The study cited some limitations on information available, such as claims of confidentiality for some chemicals used, sealed documents in litigation, or the scarcity of baseline water sampling prior to oil or gas drilling.
“There is a lack of baseline surface water and ground water quality data. This lack of data limits our ability to assess the relative change to water quality from a spill or attribute the presence of a contaminant to a specific source,” the study said.
But for the work on the five-year study, oil and gas companies were helpful, Burke said, remarking, “We had a generally very cooperative relationship with industry.”
Industry groups and some Republicans in Congress welcomed the study as a verification of the safety of hydraulic fracturing as practiced by U.S. companies and regulated by states.
“After more than five years and millions of dollars, the evidence gathered by EPA confirms what the agency has already acknowledged and what the oil and gas industry has known,” said Upstream Group Director Erik Milito of the American Petroleum Institute, an industry group. “Hydraulic fracturing is being done safely under the strong environmental stewardship of state regulators and industry best practices.”
Similar statements were released by Sens. Lisa Murkowski (R-Alaska) and Jim Inhofe (R-Okla.), the chairmen, respectively, of the Senate Energy and Natural Resources Committee and the Environment and Public Works Committee.
Statements from Inhofe and Rep. Rob Bishop (R-Utah), chairman of the House Natural Resources Committee, suggested the Obama administration has been looking for excuses to increase regulation of hydraulic fracturing, as it did with its final rule in March to update regulations for oil and gas drilling on federal lands.
Three members of Congress focused in part on the study's notes about data limitations. “Congress must be looking closely at ways to close these data gaps moving forward in order to prevent any further contamination,” said a statement from Reps. Frank Pallone (D-N.J.), Diana DeGette (D-Colo.) and Paul Tonko (D-N.Y.).
Sen. Ed Markey (D-Mass.) said, “This draft report verifies what we have known for years, that hydraulic fracturing and related activities have the potential to severely impact drinking water and endanger public health and the environment.

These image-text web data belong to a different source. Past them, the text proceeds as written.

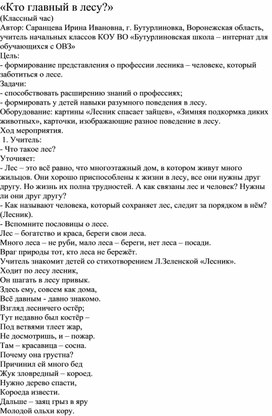 Классный час "Кто главный в лесу?"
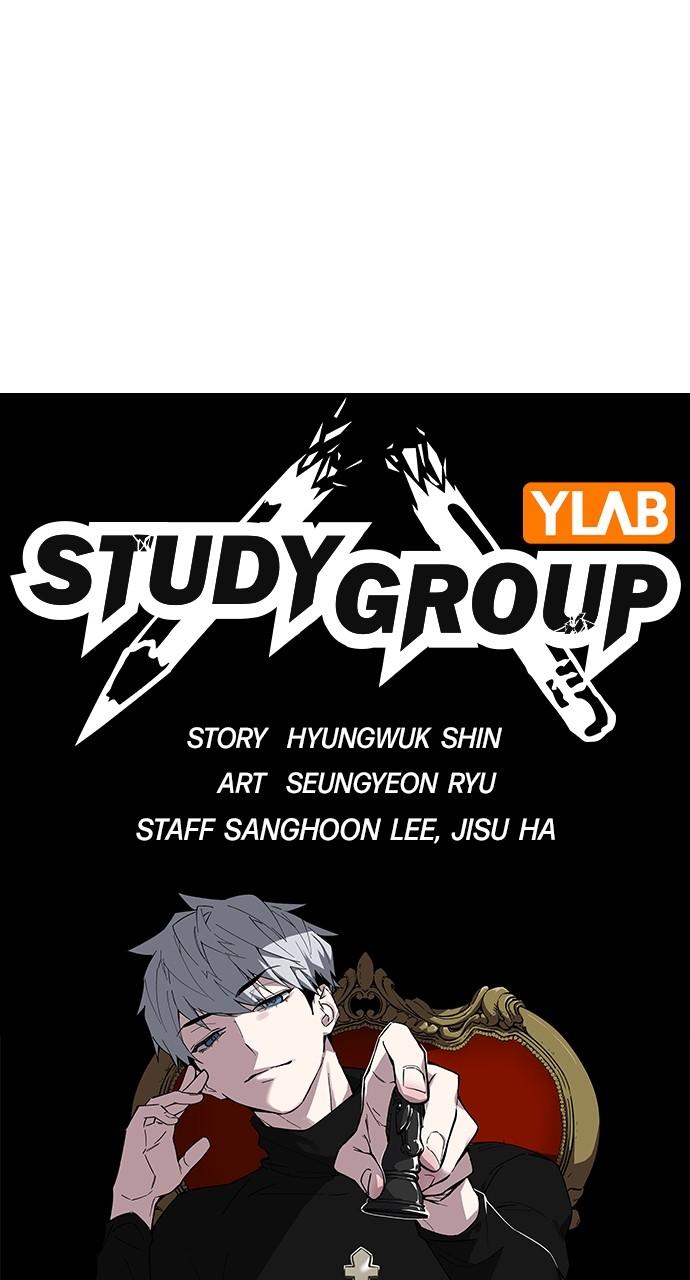 Study Group S1 - Episode 116 9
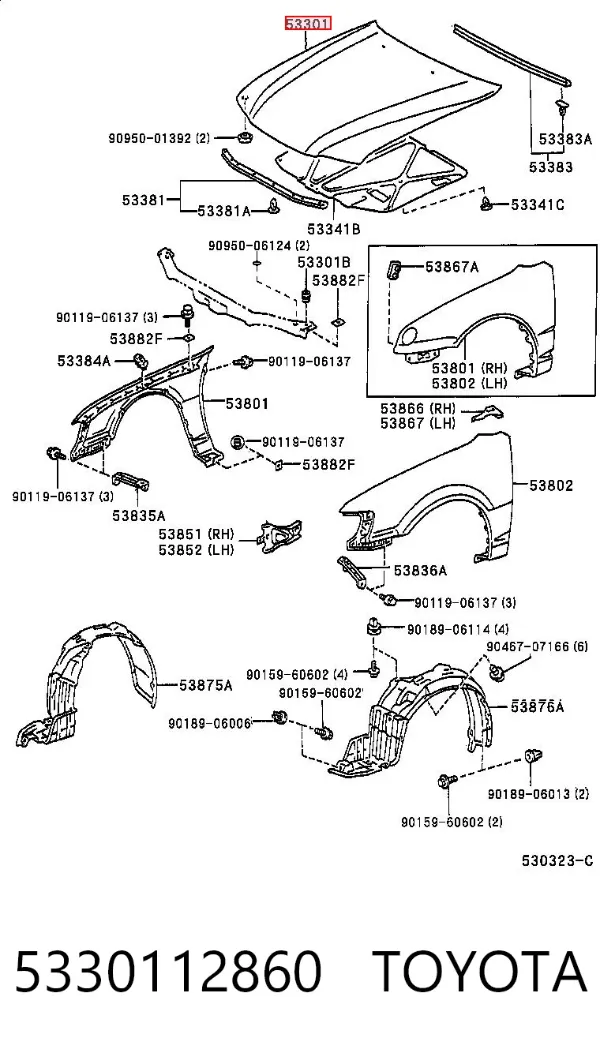 Maska silnika 5330112860 Toyota
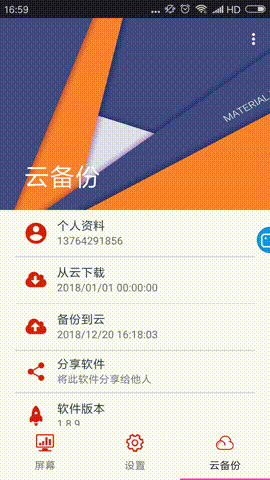 emc易倍·(中国)体育官方网站-EMC SPORTS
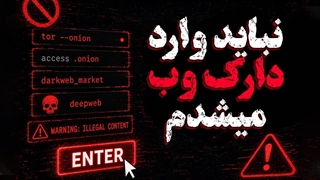 دارک وب واقعاً این شکلیه؟
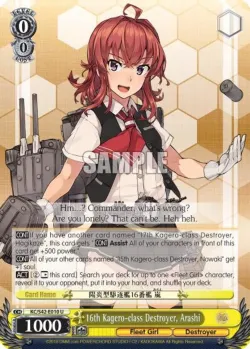 16th Kagero-class Destroyer, Arashi #KC/S42-E010 · Weiss Schwarz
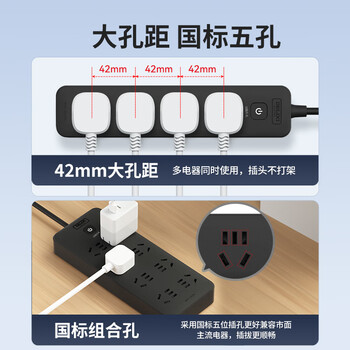 德力西(DELIXI)国标插座/插线板/插排/排插/拖线板/插板/接线板 5位五孔总控开关 全长5米 黑色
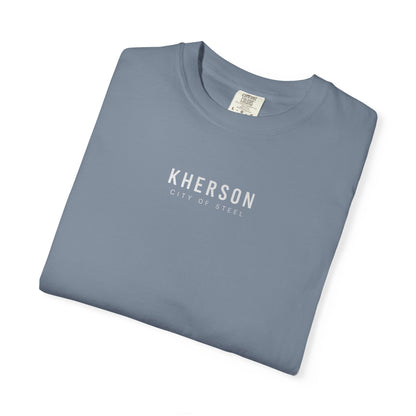 Kherson City T-Shirt — Vintage Monument Graphic Tee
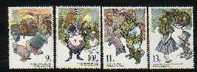 UK 1979 Year Of The Child Serie Mint Never Hinged # 963 - Unused Stamps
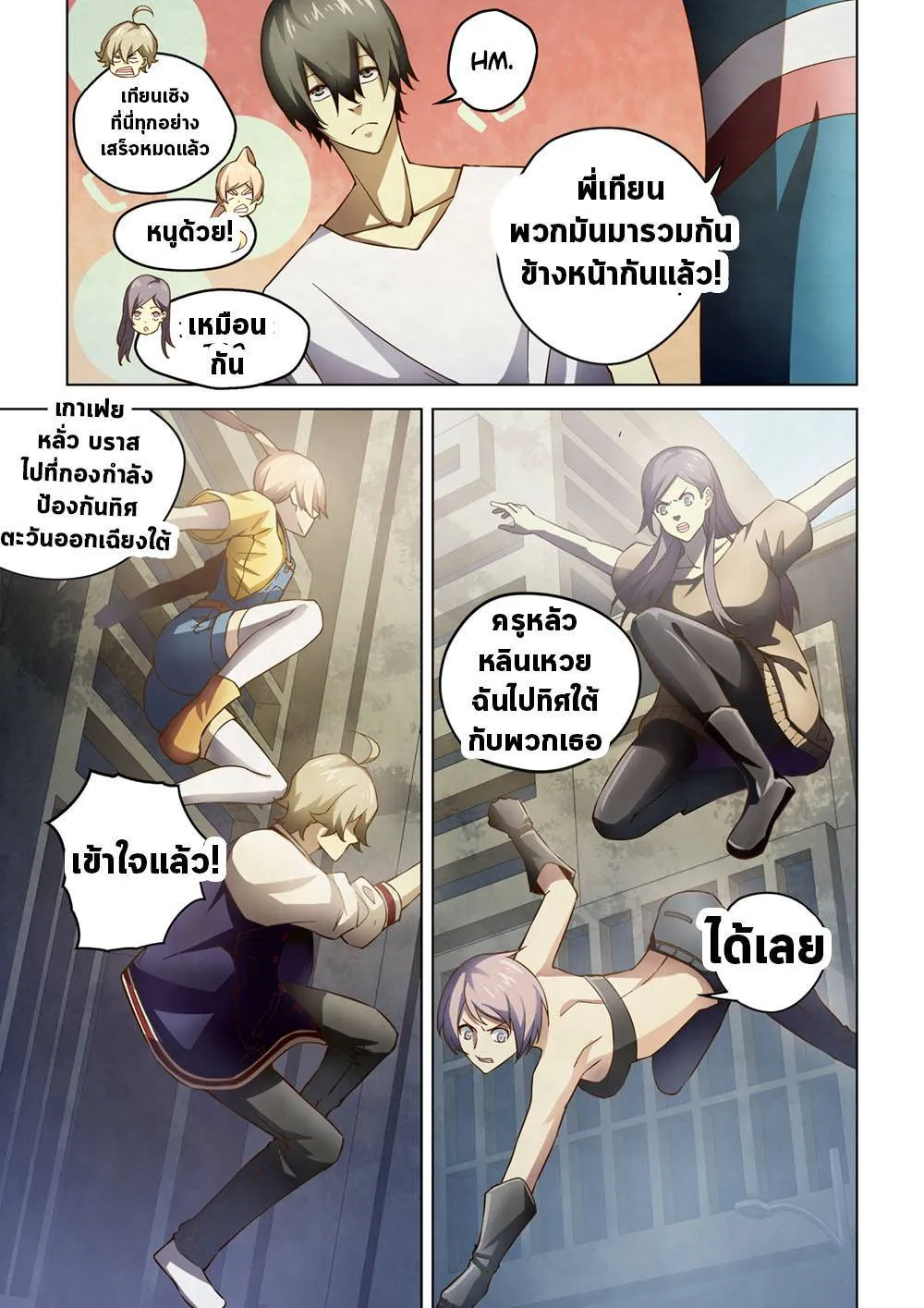 The Last Human มนุษย์คนสุดท้าย ตอนที่ 152 หน้า 11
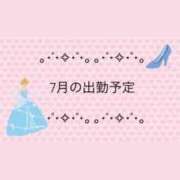 ヒメ日記 2026/06/30 20:01 投稿 いお 横浜シンデレラ（シンデレラグループ）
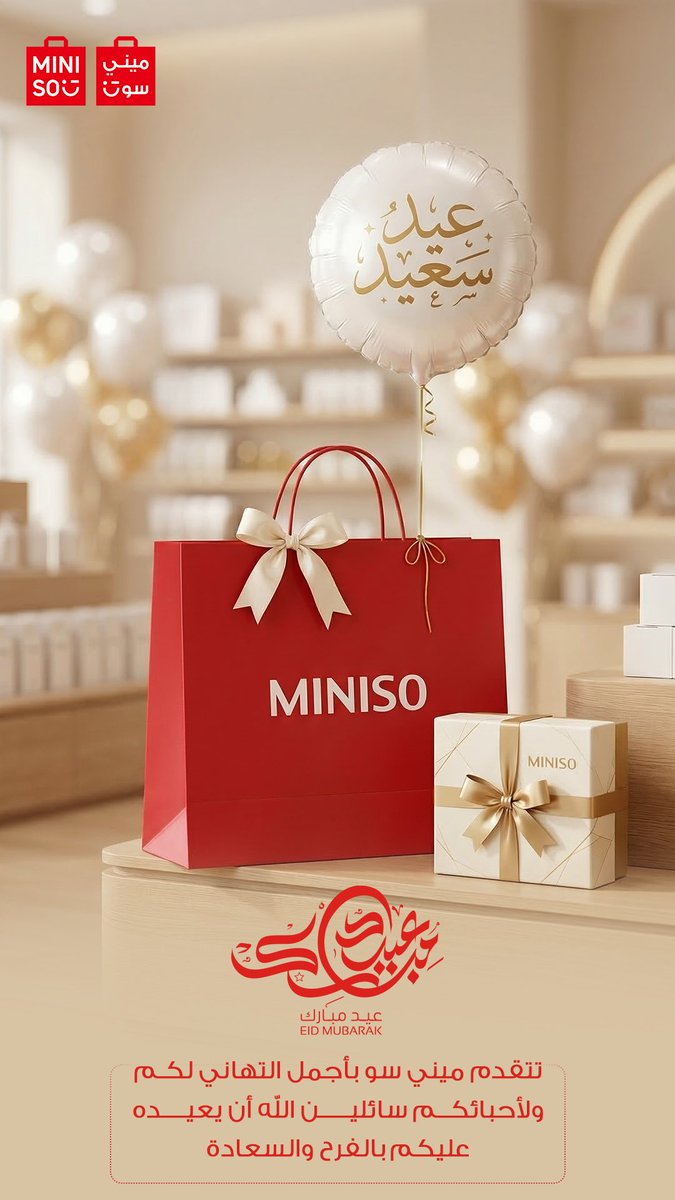 MINISO Saudi Arabia tweet media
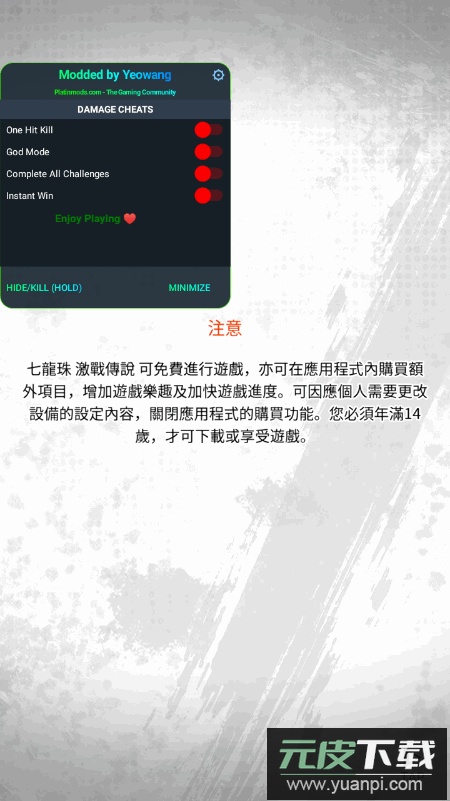 七龙珠激战传说国际服最新版(DB LEGENDS)截图3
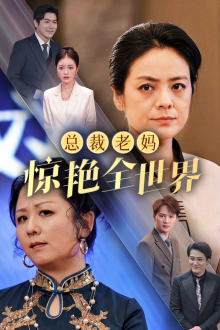 总裁老妈惊艳全世界（45集）1-102集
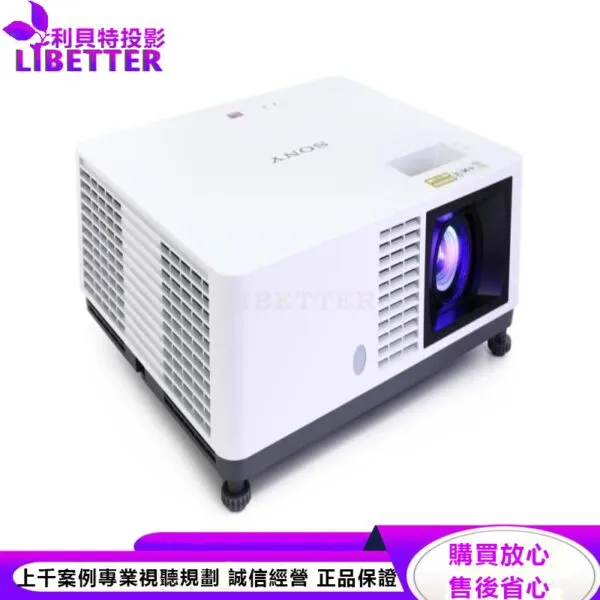 SONY VPL-CWZ10 5000流明WXGA雷射投影機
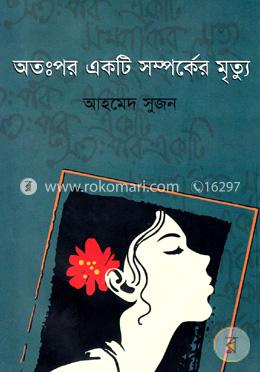 অতঃপর একটি সম্পর্কের মৃত্যু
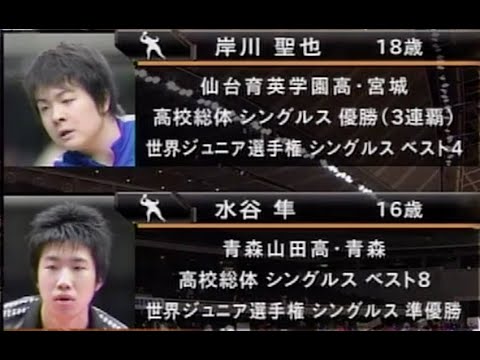 吉田海偉 vs 松下浩二 全日本卓球選手権2005 男子決勝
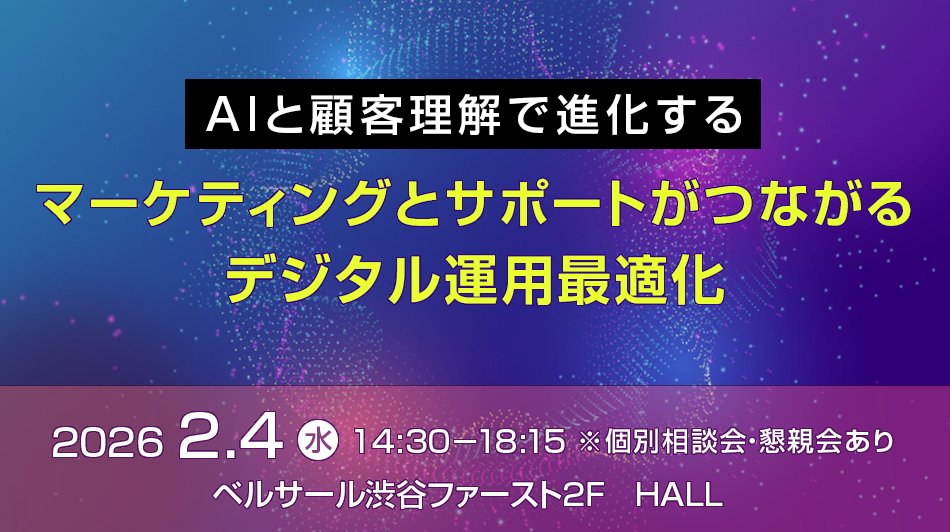 本セミナーでは、顧客の声に最も向き合ってきたトランスコスモスが、ユーザーの迷いを解消し、
行動につなげるためのAI×データを用いた実践的な運用設計のヒントと最新動向をお届けします。
約250名様限定のリアル開催ですので、ぜひご参加ください！
trans-cosmos.co.jp/seminar/260204…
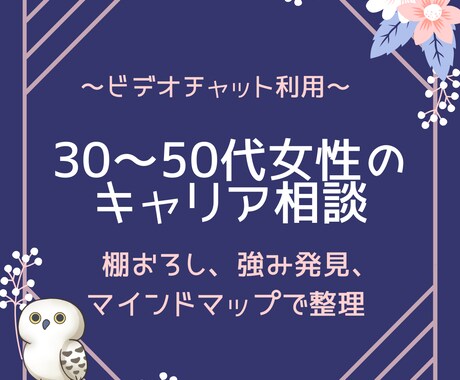 産業カウンセラーがあなたらしいキャリアを応援します 30～50代女性限定✿一歩進むために気持ちの整理をお手伝い イメージ1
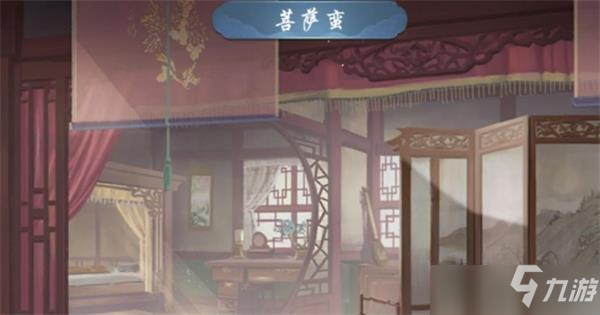 武林闲侠玉莲花瓣位置攻略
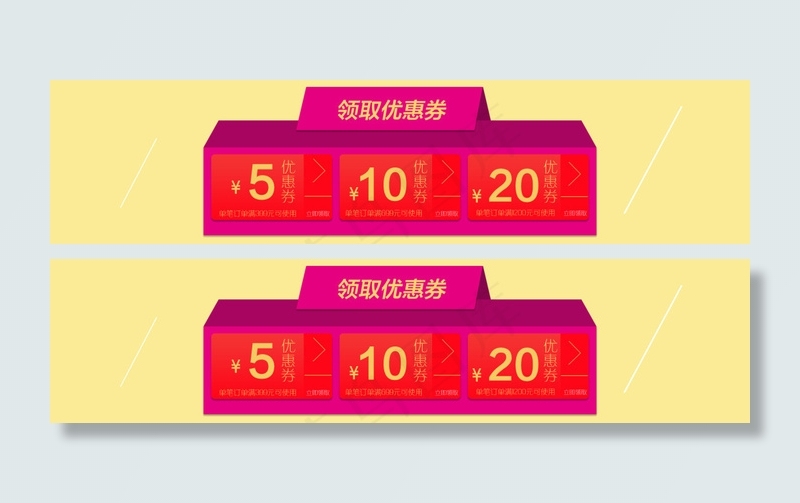 优惠券psd模版下载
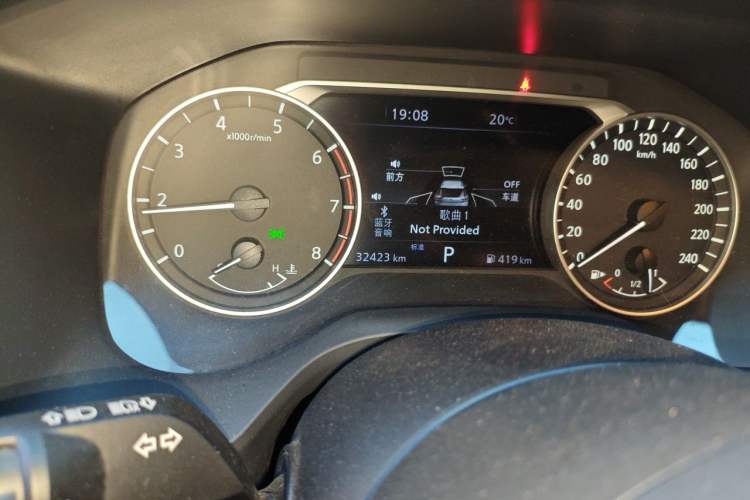 Used Nissan X-Trail 2021 VC-Turbo 300 CVT 2WD Luxury Edition Odometer Close Up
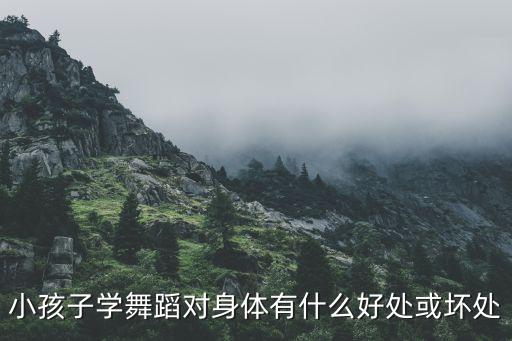 中国舞学了有什么好处和坏处，学习中国舞有什么好处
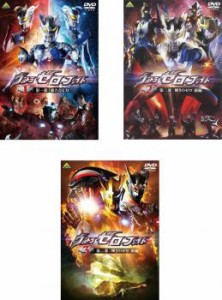 ウルトラゼロファイト 全3枚 Vol.1、2、3 中古DVD 全巻セット レンタル落ち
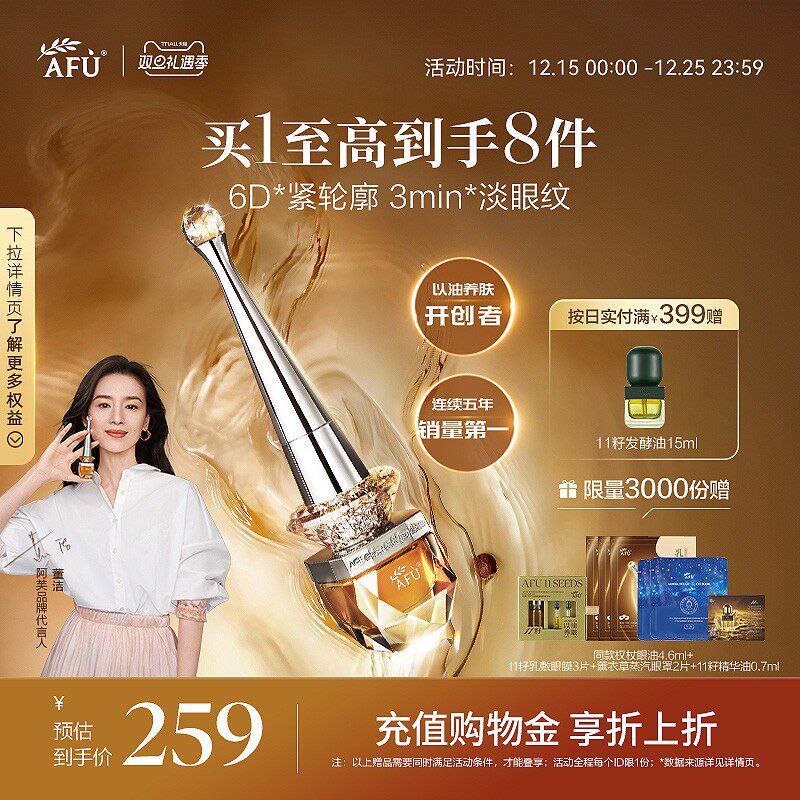 [董洁同款]阿芙权杖眼油紧致淡纹抗皱11籽眼部精华油A醇眼霜眼袋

While the number of cases studied may be small, the impacts to public health and safety are large.”
Markey may have been making a general reference to case studies that have appeared elsewhere when he mentioned public health and safety.
The EPA draft assessment said it “did not contain a human health risk assessment” and it “does not identify populations that are exposed to chemicals, estimate the extent of exposure, or estimate the incidence of human health impacts.”